• 2/10/2005
  • London, England
  • Dr Thomas Stuttaford
  • TimesOnLine

The United Kingdom cervical screening programme, which aims to detect pre-malignant changes in a woman’s cervix so that these may be treated before cervical cancer has formed, is said to be the most successful in the world. Even so, the occasional case of cervical cancer escapes the screening net and there is still a death rate.
Sometimes this is because of a faulty smear-taking technique. The worst case I ever saw of this involved a fellow journalist, who had been reassured about persistent symptoms after the smear was passed as normal. The reassurance, on clinical grounds alone, was obviously misplaced and when the smear was repeated the cervix had tumours in three places, one of which, it transpired at surgery, could not be removed with what is known as an adequate margin.

It is hoped that a vaccine will be prepared, but five years is the target for its introduction. Then it will given to all girls before they become sexually active. However, further advances will be needed before it can be predicted that cervical cancer will be eradicated.

The present vaccines under trial protect against only two of the types of human papilloma virus (HPV) infection, HPV-16 and HPV-18, that regularly cause cancer. These two account for about 70 per cent of cases of cervical cancer. The remaining 30 per cent are caused by other types of HPV, especially but not exclusively HPV-31 and HPV-33. The current advance in vaccine therapy is encouraging for contemporaries of my nine-year-old grandchildren but not of such fundamental importance to older generations.

Cervical cancer is caused by only a few of the hundred or so different types of HPV — also known as wart viruses — that attack the human body. These viruses give rise to the warts that plague children’s hands, the feet of those who walk on gym floors or around damp swimming pools, and even the disfiguring vulval, penile and perianal warts.

Surprisingly, the obvious genital warts are not those that are usually pre-malignant. The malignant warts that attack the cervix, and also the perianal area and penis, are caused by a small minority of wart viruses and the initial lesion looks innocuous.

As HPV is spread by sexual intercourse, it was thought that a freer approach to sexual intercourse would result in an epidemic of cervical cancer. However, despite the changes in sexual mores over the past 40 years, mortality from cervical cancer continues to fall, and even in the past ten years has dropped from 5.1 to 2.9 per 100,000 women.

The need for continued cervical screening will not only be to pick up those cases of malignancy caused by viruses such as HPV-31 and HPV-33, but to detect pre-malignant changes in women who are already infected.

The efficiency of screening is improving and is likely to continue to develop.
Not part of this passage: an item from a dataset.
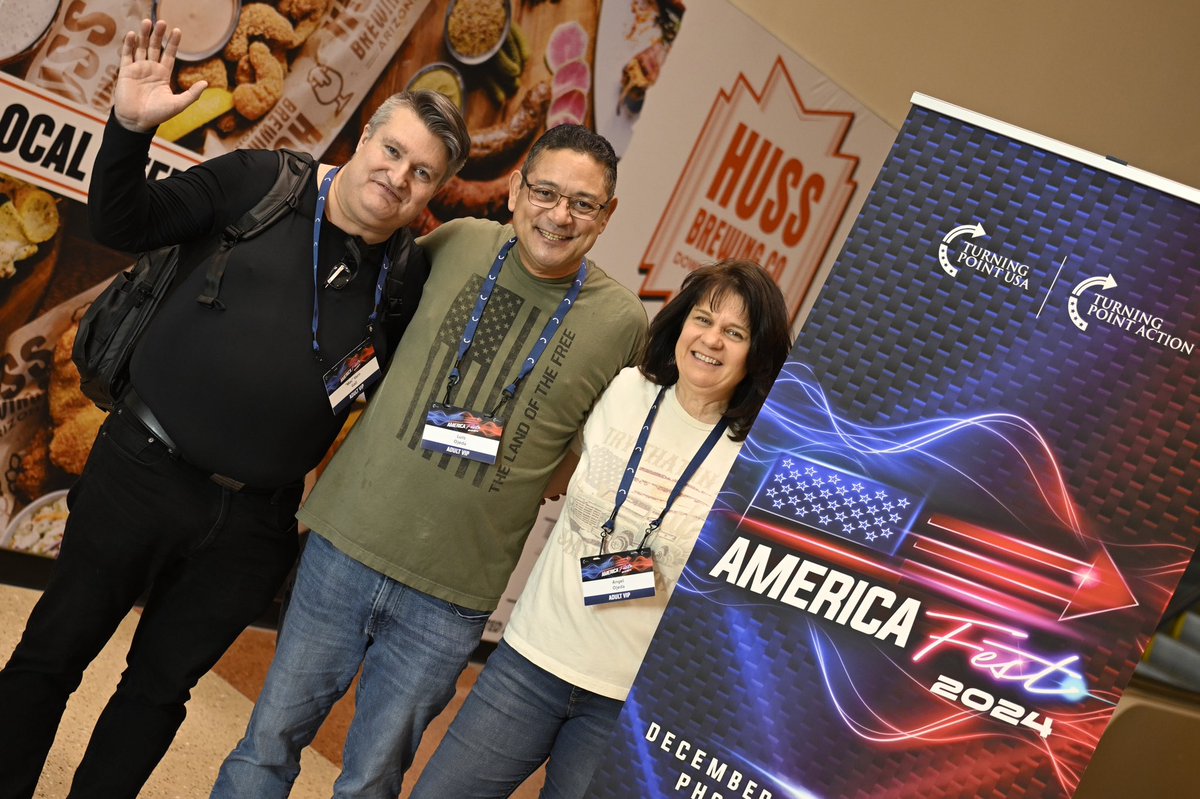 VernGall's tweet image. #AMFEST24 Lewis and Angel from South East Washington :)

Thank you for sharing :)
Also thank you to Elle at #blockchainacademy.info for taking our pics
It is now recommended that smears should be taken by means of liquid-based cytology, which involves using a small, bristly brush rather than a traditional spatula. This modification reduces the number of inadequate smears, such as the one taken from my former colleague, and the need for repeat visits after an initial smear.

The smear test is increasingly often accompanied by the preparation of a culture so that doctors may determine whether HPV is present on the woman’s cervix.

A high percentage of young women are infected with HPV at some stage of their active sexual lives, but usually the patient’s immune system is able to cope with the infection before there are serious irreversible changes in the cervix, and the virus disappears spontaneously.